THIS ARTICLE MADE NO PRODUCT SUGGESTIONS!! -- I NEED TO FIND THE MOST SUITABLE TAPE BACKUP FOR A WIN NT WKSTATION 4.0 DATA FILES FULL BACKUP

EILEEN W.

This article was weak! It gave only general information with no testing and no recommendations. The buyers guide was just as noncommittal. Did you guys promise your advertisers you wouldn't play favorites?

Masen Yaffee

Come on guys. Let's have some content please.

Gaston

I'm look for a solution to support large capacity (over 20GB to 50GB) and faster performance but fail to found at this article.

Samson Ling

I was coaxed into investing in an Exabyte430M (mammoth 2) tape library which promised backups at dazzling speeds (average throughput 800MB / sec). However, I found out the hard way that although the drive promised astounding tape backup speed and throughput, when it was installed in my Fast Ethernet network environment, after a year or so, the drive started to fail frequently. I would have to replace media frequently as well. I later found out, after making several calls to the support department and being pushed around from one dept to another, that that particular model was not designed to keep up with a slow network. The drives couldn't keep up with a slower data transfer rate from the host and therefore the drives were subject to frequent "backhitching" and therefore the wear and tear was greater on both the drive heads as well as the media.
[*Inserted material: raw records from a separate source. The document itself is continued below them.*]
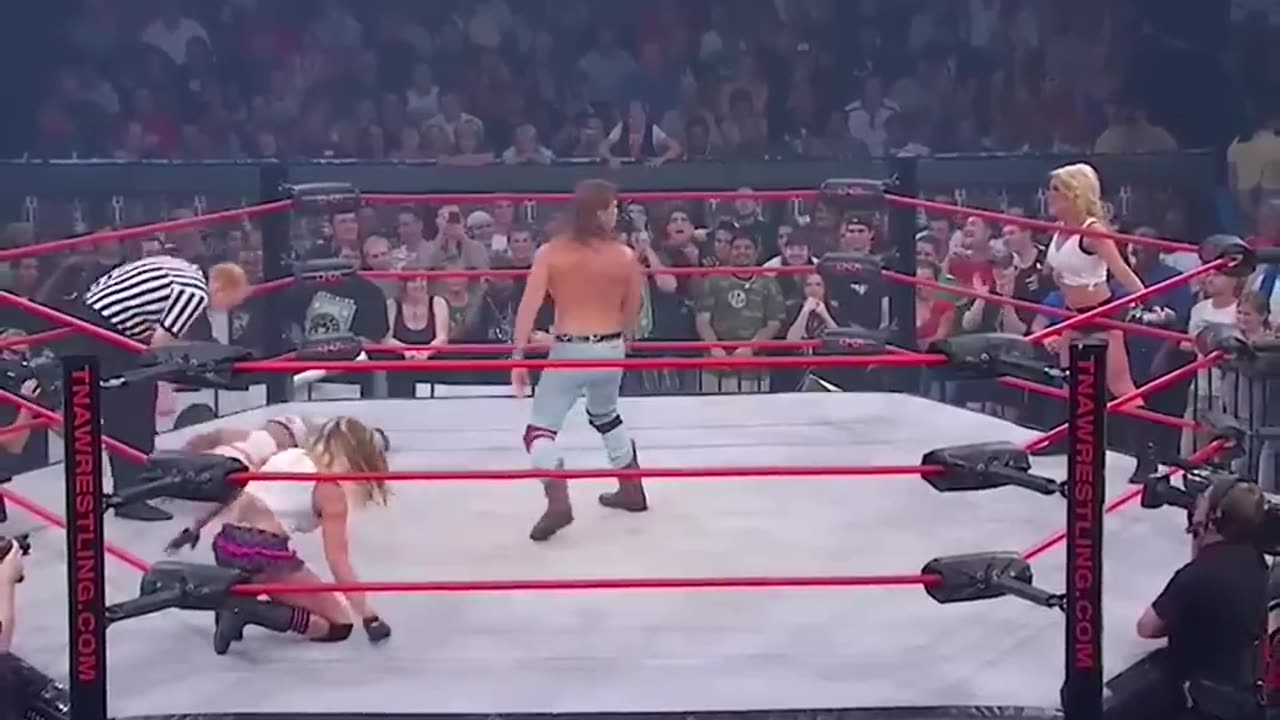 Wrestling between sexy'girls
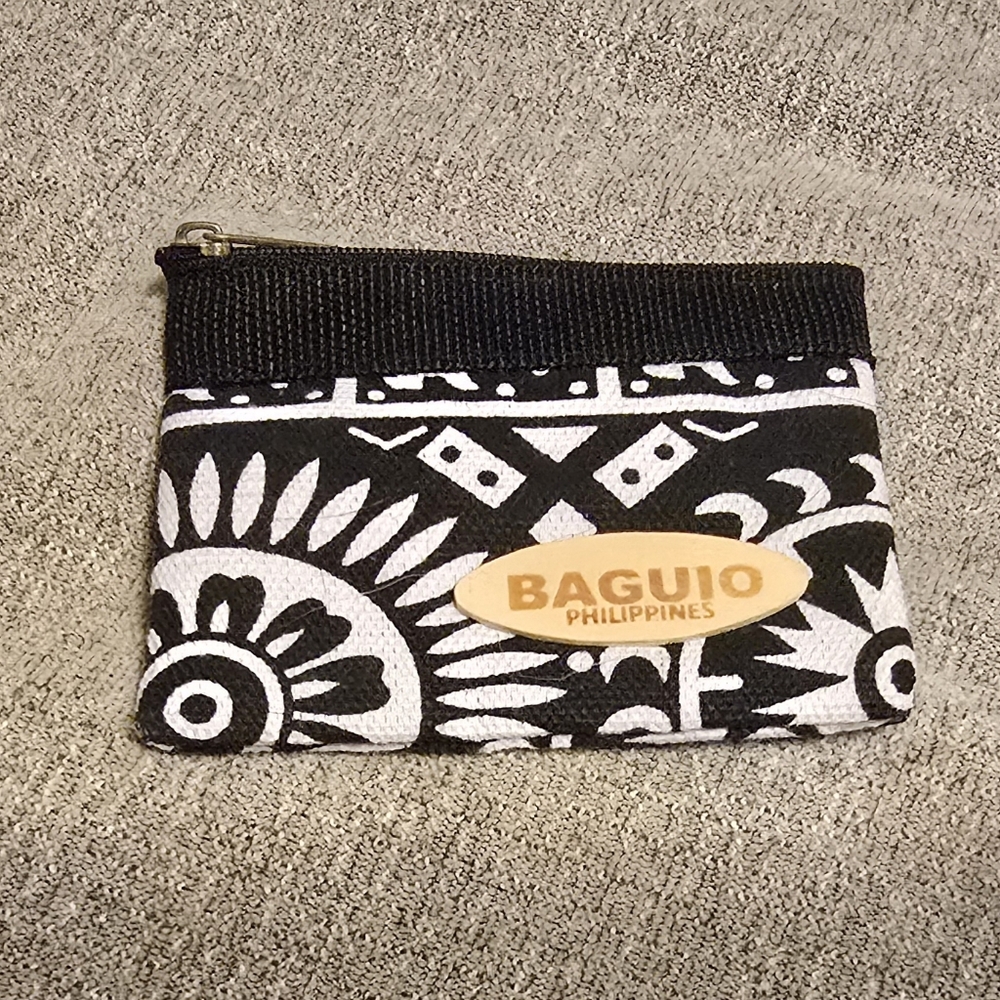 NWOT Philippines Black and White Patterned Baguio Zipper Coin Pouch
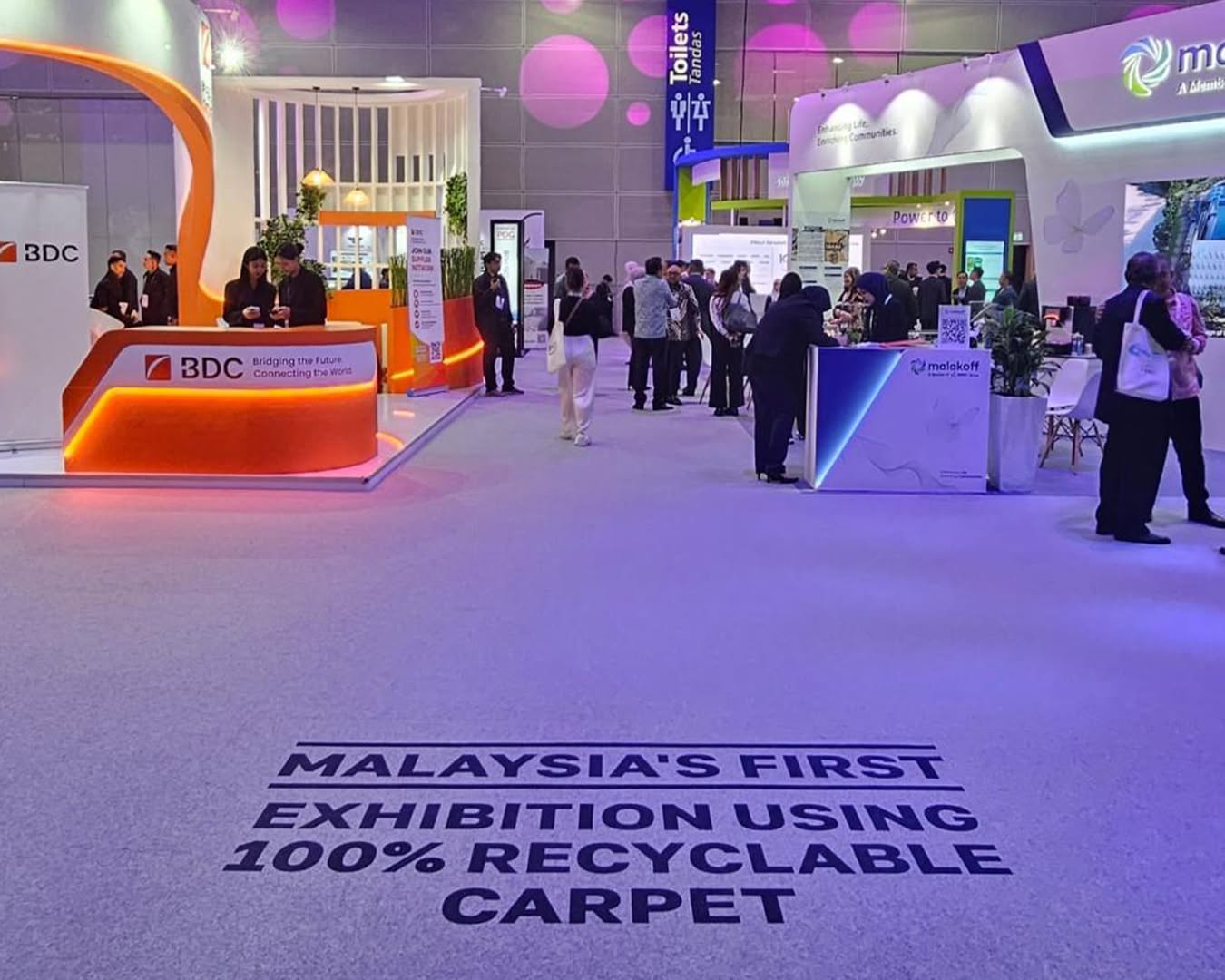 First Exhibition Using Recyclable Carpet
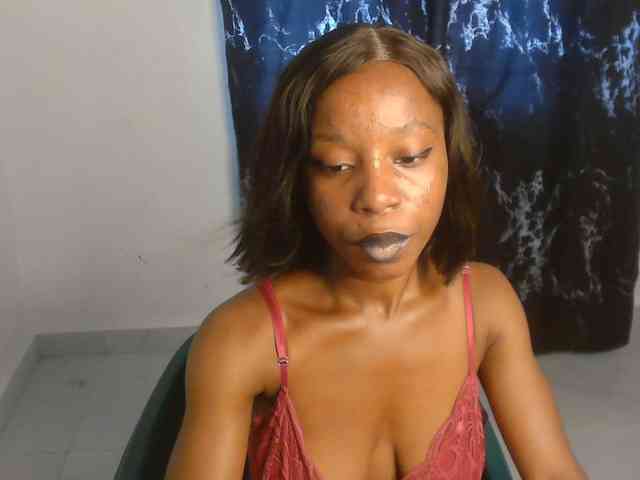 Nasty-lilly webcam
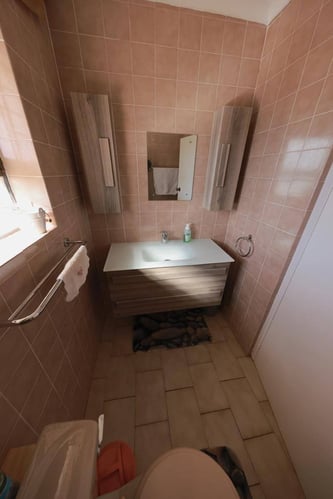 aifs-adventure-trips-suedafrika-cape-town-experience-partnerfotos-unterkunft-badezimmer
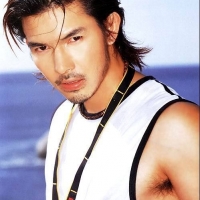 Atichart Chumnanont (2)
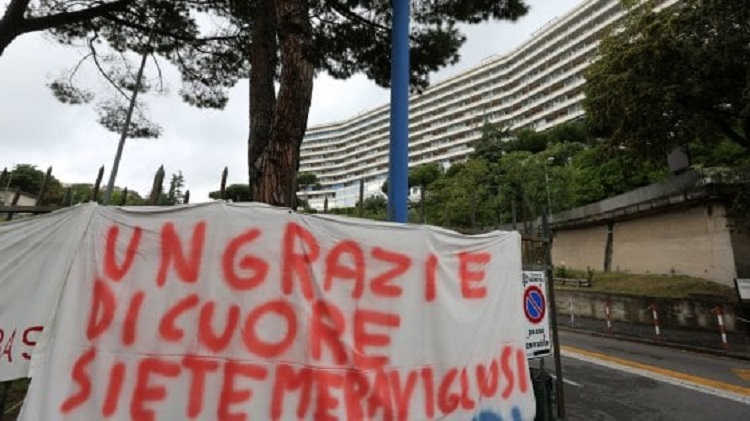 Italia regjistron numrin më të ulët të viktimave që prej izolimit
Exabyte later came out with a superior product with a buffer that could keep up with slower data transfer rates to avoid backhitching but of course, the damage was done and I didn't have the budget to replace the library. The strange thing is ours was a standard 100Mbps switched network. Therefore to fix the problem I upgraded to a Gbit Ethernet switch and also upgraded my backup server to include a Gbit Ethernet NIC. I connected all my servers being backed up to the Gbit Ethernet switch and also upgraded each of their Nics to Gbit Ethernet. However, on some of the servers I still get throughput as little as 100 MB/sec. Shouldn't the switch to Gbit Ethernet have fixed the problem with slow data transfer speeds ? I have read about backup servers with fiber NIC's. Would this help my problem ? What about the specs of the backup server itself ? Does that affect throughput in any way ? My backup server has a 1 Ghz Pentium 4 processor with 1 GB of RAM.

Rakhi

This article was trash!

Anonymous User

What was the point of this article...?

Anonymous User

Article Rating 1 out of 5

Wow talk about crap

Anonymous User

Article Rating 1 out of 5

There isn't a rating low enough for this article.